Further, when the market tanked yesterday on the bad ISM news, LDK’s stock price went down to a low of $35.73. At $36 it is trading at approximately 21 times 2008 earnings. This is a great price for predicted 100+% grower (see Yahoo Finance). If you then realize that LDK will likely exceed its revenue figures for the full year 2008, you get a really rosy picture. There is no reason to think their margin figures will fall demonstrably from the Q1. One might even expect improvement with no weather problems to hinder the company. If you interpret LDK’s statement to mean it will at worst earn $.39/share on revenue of $195M, you can make a direct comparison to the consensus estimates of $.39 on revenue of $221.79M. After crunching the numbers, this comes out to LDK beating the consensus net margin by about 2.6% (21.2% vs. 18.6%). If this scenario plays out, LDK’s actual 2008 earnings should be about 14% higher than the current consensus estimates (or $1.97 vs. $1.73). This should be good news to the prospective investor. Of course, even this number may be low for 2008 earnings. LDK has typically exceeded the consensus estimates for revenue. The severe weather may be holding LDK back in Q1, but it is unlikely that such problems will exist for the remainder of the year. LDK should recoup the lost revenue and more. The fact that LDK did not lower its full year revenue guidance given the expected shortfall in revenue in Q1 should give some credence to this view.

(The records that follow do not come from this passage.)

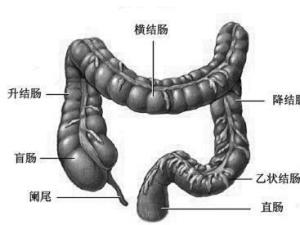 盲肠炎是怎么引起的图片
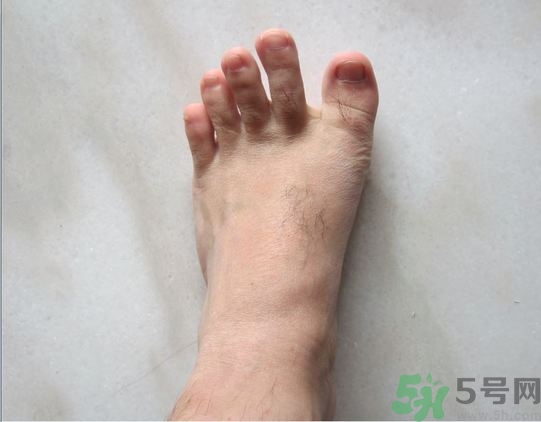 腳拇指外翻遺傳嗎？腳拇指外翻怎么矯正？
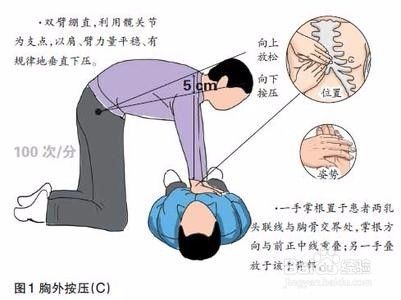 2015心肺复苏最新指南,2015版心肺复苏操作手册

In sum, this may all mean that you can get a predicted 100+% grower with a 2008 earnings P/E of 18-19 at yesterday's stock price. It sounds like a bargain. Even if the estimates I have made above are off by a little, the bargain still exists. LDK also claims no change in the polysilicone plant construction schedule due to this weather delay. If they manage to get that done, earnings could triple or even quadruple in 2009. Certainly the smaller first plant being built first lends some credence to Mr. Peng’s claims that he can get the second bigger plant up and running in record time. From an engineering standpoint having a “prototype” plant (the smaller first plant) to use to debug the problems before you make the mistakes in full production (the bigger polysilicone plant) is a generally accepted as a “great” engineering strategy. I am inclined to believe that Mr. Pichel’s warnings about this plant being grossly late are overstated. They may not be without substance, but they do not take into account the seemingly excellent leadership of Mr. Peng. They do not take into account the Chinese willingness to work seemingly 24 hours a day to get the job done. The main production factory may be late, but it seems likely to be done far ahead of Mr. Pichel’s (Piper Jaffray) estimate. The current 1 year target estimate for LDK is $59.49 (Yahoo Finance). The high estimate is $95. I think you can throw out the low estimate as sour grapes or market manipulation. A lot of the reasons given for LDK’s bad ratings from analysts recently have been margin concerns for 2008 (and possibly 2009). Yesterday’s news should quell those fears substantially. Clearly LDK is managing its margins better than the analysts expected.